Facts about the September 30 movement events that preceded the genocide remain disputed. Six of Indonesia’s most senior army generals were kidnapped and killed by a group of junior officers. While it is not clear who was behind the September 30 movement, it is clear that General Suharto used that movement as a pretext to exterminate all his perceived enemies. He then stayed in power as dictatorial leader for over 30 more years.

The genocidal killings were not of the Nazi depersonalized industrial style. There were no gas chambers. Suspects were beaten, tortured, shot, dismembered alive, garroted and beheaded in an up close and personal fashion. In his 2013 documentary, the Act of Killing, the director Joshua Oppenheimer interviews former death squad killers about how they killed. It is a hard but fascinating movie to watch. The killers remain proud of their mass murders. Hatred of the communists was whipped up on the basis that they were evil atheists, amoral and hypersexual. In the documentary, the killers described how the murder methods they saw in gangster movies inspired how they killed.

Many of the murdered victims were taken to rivers and and their bodies were dumped, left to drift out to sea. So many bodies were tossed into rivers that Indonesians stopped eating fish out of fear that the fish were consuming human flesh. Family members were never told what happened to their relatives. This was similar to what happened in Latin America back in the 1970’s when right wing militaries disappeared their opponents.
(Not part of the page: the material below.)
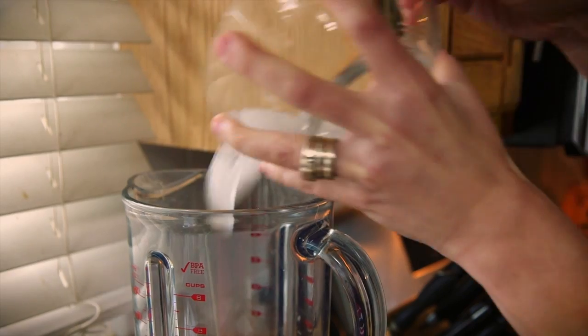Once you get blending, if things aren't looking the right consistency for you, just add in a couple of ice cubes.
There are thousands of unopened mass graves scattered across the Indonesian archipelago. Along with the killing, hundreds of thousands were detained in prison for many years with no trial. The property and possessions of those killed were often confiscated by the killers.

In 1966, Bertrand Russell wrote “in four months, five times as many people died in Indonesia as in Vietnam in 12 years.”
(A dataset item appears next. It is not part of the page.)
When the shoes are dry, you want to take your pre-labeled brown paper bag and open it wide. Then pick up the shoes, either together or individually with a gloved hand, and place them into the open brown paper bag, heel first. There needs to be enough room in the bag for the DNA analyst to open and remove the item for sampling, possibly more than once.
A little known aspect of the genocide is the role of the United States. Much still remains unknown. Human Rights Watch has pushed unsuccessfully for years to have related U.S. government documents declassified. The reporter Kathy Kadane has documented that the United States played a significant role in the genocide by supplying the names of thousands of leftist activists, both communist and non-communist, to the Indonesian army. The lists of Indonesian Communist party leaders included over 5000 names from top echelons to village cadre. If true, this alone makes our government defacto accomplice to a mass murder.

In Kadane’s articles which appeared in major newspapers like the Boston Globe and the Washington Post in 1990, she quoted Robert J. Martens, a former member of the U.S. Embassy’s political section who was then a consultant to the State Department. Martens said,

“It really was a big help to the army. They probably killed a lot of people, and I probably have a lot of blood on my hands, but that’s not all bad. There’s a time when you have to strike hard at a decisive moment.”
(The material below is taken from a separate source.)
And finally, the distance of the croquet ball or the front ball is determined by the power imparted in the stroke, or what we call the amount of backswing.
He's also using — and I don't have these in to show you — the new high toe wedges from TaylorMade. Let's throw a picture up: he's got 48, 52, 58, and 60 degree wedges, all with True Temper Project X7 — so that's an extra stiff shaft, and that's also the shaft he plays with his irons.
According to Kadane, prior to the genocide, Martens had headed an embassy group of State Department and CIA officers that spent two years compiling the death lists that were delivered to the Indonesian army.

The United States also provided key logistical support to the Indonesian military to assist the slaughter, including jeeps and state-of-the-art radios which allowed U.S. operatives to listen in on what the Indonesian military was doing. The special radio system allowed for coordinated killing so the leadership in Jakarta could know what was happening on the islands. The radios filled a gap in army communications.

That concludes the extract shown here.